Question

A solution is prepared by adding 0.350 moles of H2PO4- 1.500 L of water (I) calculate the ph of this solution (Ka (H2PO4-) = 6.2 x 10^-8 (II) calculate the ph of this solution after adding 0.00375 moles of HCl. ka1= 7.5 x 10^-3

Answer 1

(I) The acid dissociation reaction is as below.

H₂PO₄^- (aq) <======> HPO₄^2- (aq) + H⁺ (aq)

Molar concentration of HPO₄^2- = [HPO₄^2-] = (moles of HPO₄^2-)/(volume of solution) = (0.350 mole)/(1.500 L) = 0.2333 M.

The acid dissociation constant is given as

K_a = 6.2*10^-8 = [HPO₄^2-][H⁺]/[H₂PO₄^-] = (x).(x)/(0.2333 – x)

Use the small x approximation. Since K_a is small, we can assume x << 0.2333 M and write

6.2*10^-8 = x²/0.2333

====> x² = 1.44646*10^-8

====> x = 1.2027*10^-4

Therefore, [H⁺] = 1.2027*10^-4 M and pH = -log (1.2027*10^-4) = 3.9198 ≈ 3.92 (ans).

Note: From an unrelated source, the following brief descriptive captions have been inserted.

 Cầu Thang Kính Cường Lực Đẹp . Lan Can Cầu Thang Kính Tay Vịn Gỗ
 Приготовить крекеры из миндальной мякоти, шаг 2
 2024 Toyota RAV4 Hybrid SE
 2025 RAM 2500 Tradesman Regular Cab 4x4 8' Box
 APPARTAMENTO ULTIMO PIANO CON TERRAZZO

(II) Since K_a1 is given, we shall consider the reaction

H₃PO₄ (aq) <=====> H₂PO₄^- (aq) + H⁺ (aq)

We are adding HCl, hence will shall consider the reverse reaction, i.e,

H₂PO₄^- (aq) + H⁺ (aq) -------> H₃PO₄ (aq)

The base ionization constant is

K_b1 = K_w/K_a1 = (1.0*10^-14)/(7.5*10^-3) = 1.3333*10^-12; therefore, pK_b1 = -log (1.3333*10^-12) = 11.8751.

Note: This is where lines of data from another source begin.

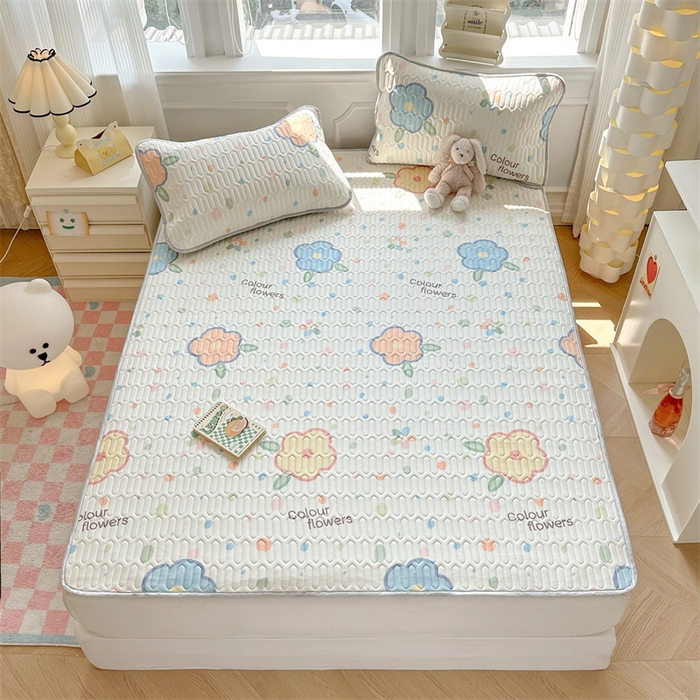 91家纺网 家纺一手货源 找家纺 慕尚家纺 2025新款凉感丝印花乳胶凉席 绿野小花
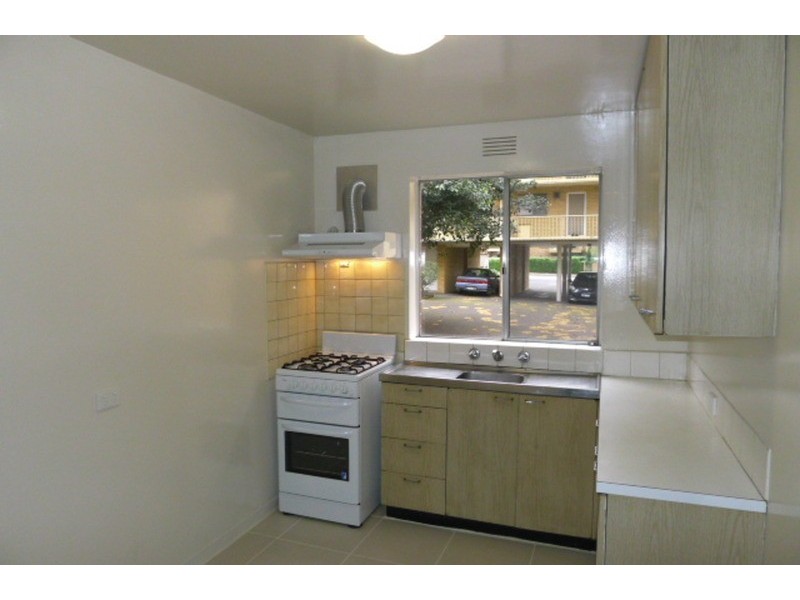 8/80 O’Shanassy Street, North Melbourne VIC 3051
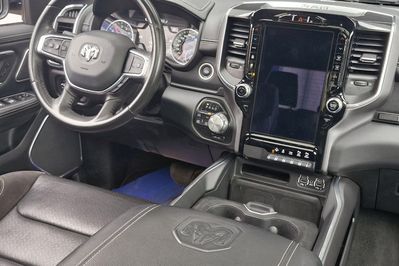 RAM 1500 5.7 V8 HEMI Laramie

Moles of HCl added = moles of H₂PO₄^- neutralized = moles of H₃PO₄ formed = 0.00375 mole.

Moles of H₂PO₄^- retained at equilibrium = (0.350 – 0.00375) mole = 0.34625 mole.

Since the volume of the solution remains unchanged, we can replace molar concentrations of H₃PO₄ and H₂PO₄^- but the number of moles at equilibrium.

Use the Henderson-Hasslebach equation for base as below.

pOH = pK_b1 + log [H₃PO₄]/[H₂PO₄^-] = 11.8751 + log (0.00375 mole)/(0.34625 mole) = 11.8751 + log (0.01083) = 11.8751 + (-1.9654) = 9.9097.

Since pH + pOH = 14.00, we have pOH = 14.00 – pH = 14.00 – 9.9097 = 4.0903 ≈ 4.10 (ans).